The yen strengthened across the board on Friday as global equity markets sagged on renewed fears that the U.S. financial sector may suffer even more losses, diminishing investors' risk appetite.
Investors were less willing to hold relatively risky carry trades in which cheap borrowing in the yen and Swiss franc funds purchases of high-yielding currencies.
Market participants bought the yen after the New York Times reported Merrill Lynch was expected to suffer $15 billion in losses from soured mortgage investments and that it was trying to raise capital from an outside investor.
As a result, Asian equities fell overnight, European stocks hit their lowest level in more than a year, and Wall Street posted steep losses.
"The yen is so tightly correlated with equity markets," said Greg Salvaggio, senior vice president of capital markets at Tempus Consulting in Washington.

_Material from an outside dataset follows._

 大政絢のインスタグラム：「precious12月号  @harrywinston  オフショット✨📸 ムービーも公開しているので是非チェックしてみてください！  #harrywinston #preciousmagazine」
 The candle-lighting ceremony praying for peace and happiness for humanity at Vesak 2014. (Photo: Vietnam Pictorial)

"Obviously, there is still considerable concern and worry in the market about the extent of subprime mortgage exposure by U.S. financials. The news on Merrill Lynch showed there is still continued distress in this sector," he added.
In late morning New York trading, the dollar was down against the yen . The euro also dropped versus the yen, down about half a percent.
A report that the U.S. trade deficit widened more than expected in November, to $63.1 billion, dragged the dollar lower against the yen, although investors remained focused on developments in the financial sector.
The euro rose to a fresh record high versus sterling.
Sterling dipped to a 10-month low against the dollar as weak industrial output data confirmed investor expectations that the Bank of England would cut rates next month after leaving them at 5.50 percent on Thursday.
The low-yielding Swiss franc rallied to 1-1/2 month highs versus the dollar and five-month peaks against the euro, though it subsequently retreated a little.
The euro was down against the dollar, slipping following sharp gains the previous session.
The dollar tumbled against the euro Thursday as comments by Federal Reserve Chairman Ben Bernanke suggested an aggressive half-percentage point rate cut at its meeting on interest rates later in the month.
Many analysts welcomed Bernanke's dovish stance, noting that a sharp easing of interest rates could prevent the U.S. economy from sliding into recession.
"If the Fed continues to act in a decisive and timely way as promised, then the doom and gloom scenario could get scotched," said Bear Stearns in its latest research note.
"There should be some light at the end of the tunnel for the markets," it added.
The rate futures market has now fully priced in a 50 basis point cut in the fed funds rate to 3.75 percent, and also an 8 percent chance the Fed could lower rates by 75 basis points.